**PROBLEM**
Exactly the lines starting at the line containing "Стойка за дърва, черна, 40x40x40" and ending at the line containing "海外直订Cosmetic and Toiletry" are to be written out from the listing below, both included.

**INPUT**

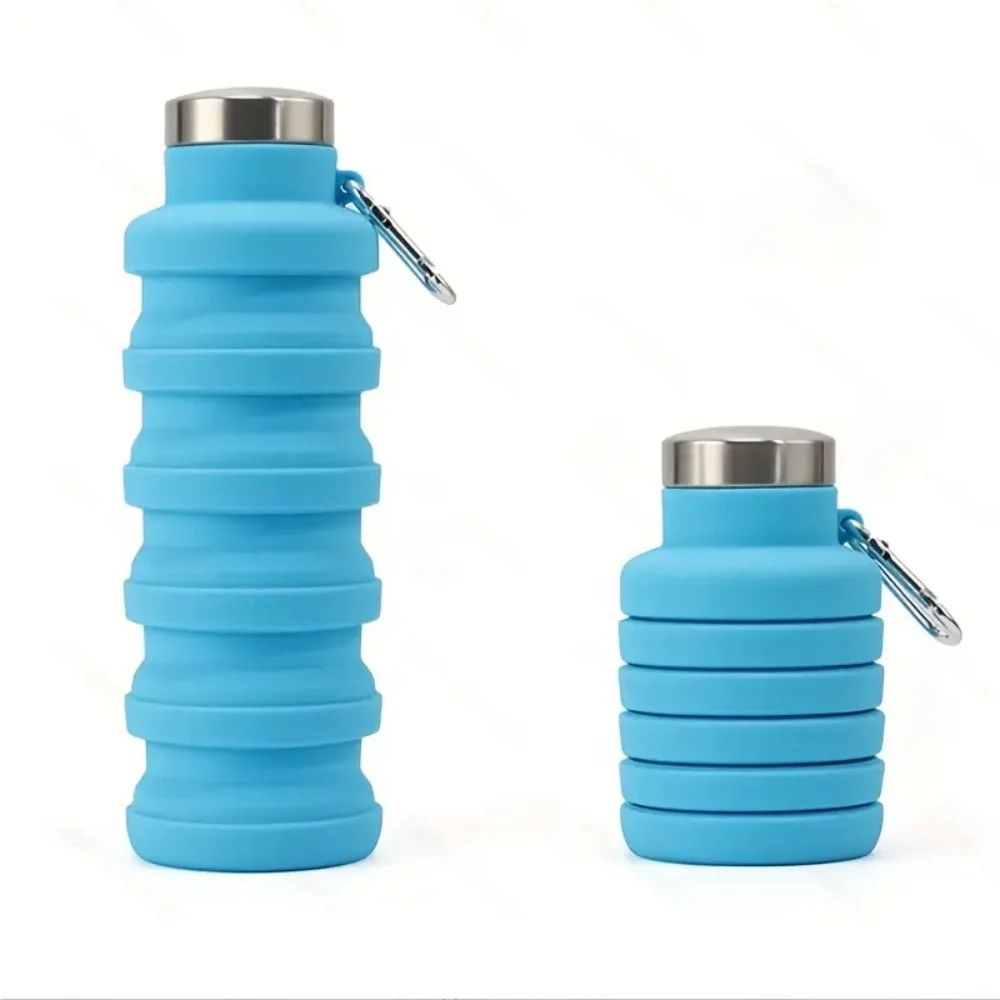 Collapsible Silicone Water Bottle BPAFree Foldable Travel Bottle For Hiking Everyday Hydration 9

==

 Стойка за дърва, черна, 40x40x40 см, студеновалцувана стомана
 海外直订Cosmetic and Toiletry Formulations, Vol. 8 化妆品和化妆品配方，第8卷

**TASK SOLUTION**
 Стойка за дърва, черна, 40x40x40 см, студеновалцувана стомана
 海外直订Cosmetic and Toiletry Formulations, Vol. 8 化妆品和化妆品配方，第8卷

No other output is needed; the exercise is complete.